As these events unfolded, we realized that EDUGESPRO’s training program had the potential to support school principals during the pandemic. Therefore, while many other PRDE programs announced extended breaks, we worked with the training provider to get the entire program online in the span of three weeks. Training resumed during April 2020, and the first cohort of EDUGESPRO concluded training in the summer.
Participation rates in the program actually increased after the program became fully available online. We found that the online version eliminated the logistical challenge that attending day-long trainings posed for busy school principals, as they could log into the combined synchronous and asynchronous sessions from their workspaces. The higher participation rates assuaged our fears that principals might not attend the online programming due to the more limited opportunities to interact with peers and opened up a range of possibilities for future online professional development training initiatives.
Our EDUGESPRO team meets weekly to rapidly follow-up on program developments in order to ensure the project’s success. Not only did the program migrate online; it also became a source of emotional support for principals navigating a public health crisis. At the EDUGESPRO graduation ceremony, participating principals spoke of how this community of practice supported them as they navigated school leadership during the Covid-19 pandemic. In program-curated WhatsApp groups and discussion forums, principals shared best practices, advice, and the occasional motivational quote, video, or meme.
The importance of these communities in a time of extreme stress and limited peer support was exemplified by one participating principal’s graduation address, in which she shared that, after heart surgery, she had asked hospital nurses to set up a computer monitor so that she could participate in the online sessions from her hospital bed.
The Covid-19 pandemic increased the urgency and complexity of decisions that the PRDE must make, but the collaborative research partnership’s flexible working arrangement has helped the PRDE to navigate a number of these challenges. For example, we had scheduled a territory-wide survey of school principals as part of the EDUGESPRO evaluation for May 2020. At the PRDE’s request, we included a survey module that could provide the PRDE with rapid data on school-level responses during the Covid-19-related lockdowns.
The research collaboration is also expanding.
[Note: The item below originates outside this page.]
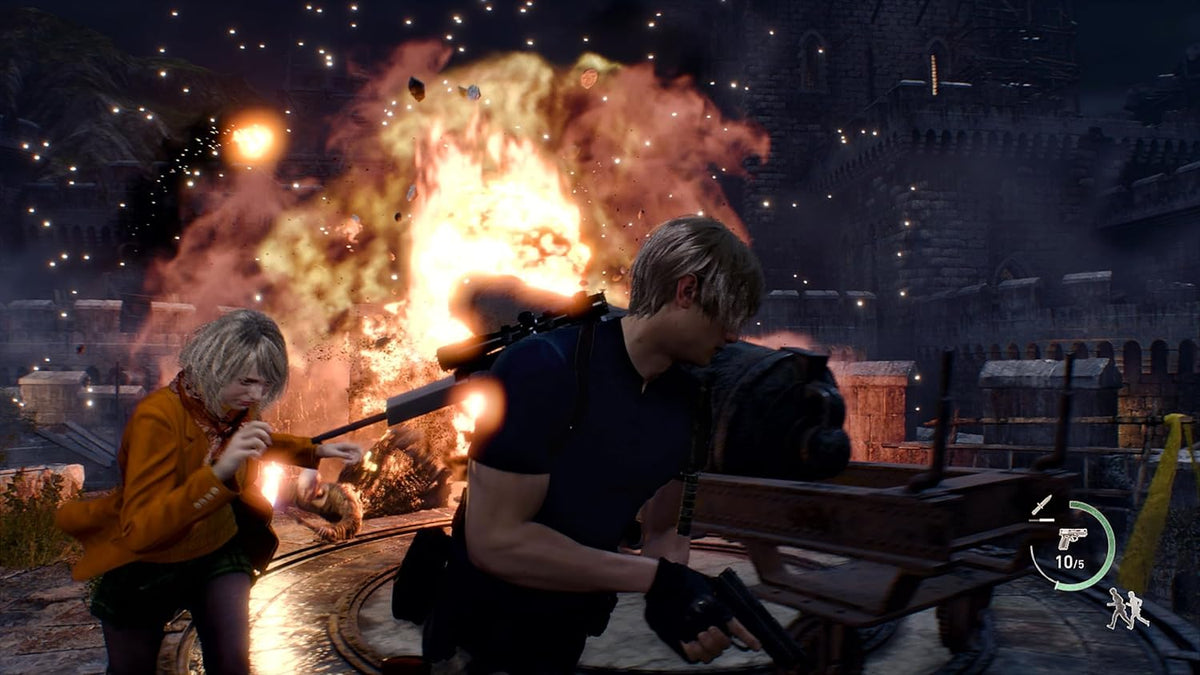 Resident Evil 4: Gold Edition - PS5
Other PRDE units noticed the utility and positive results of the team’s work and have since requested and received technical support from the research team on a series of initiatives intended to limit learning loss stemming from Covid-19 school closures.
Leveraging preliminary results and charting the way forward
Despite the many unforeseen interruptions and adjustments, preliminary quantitative results from an evaluation of EDUGESPRO’s impact during the program’s first year show gains in many leadership and management outcomes among program participants, and the size and significance of these improvements will become clearer as more principals participate in the program. The second cohort of school principals will begin the year-long training in March 2021.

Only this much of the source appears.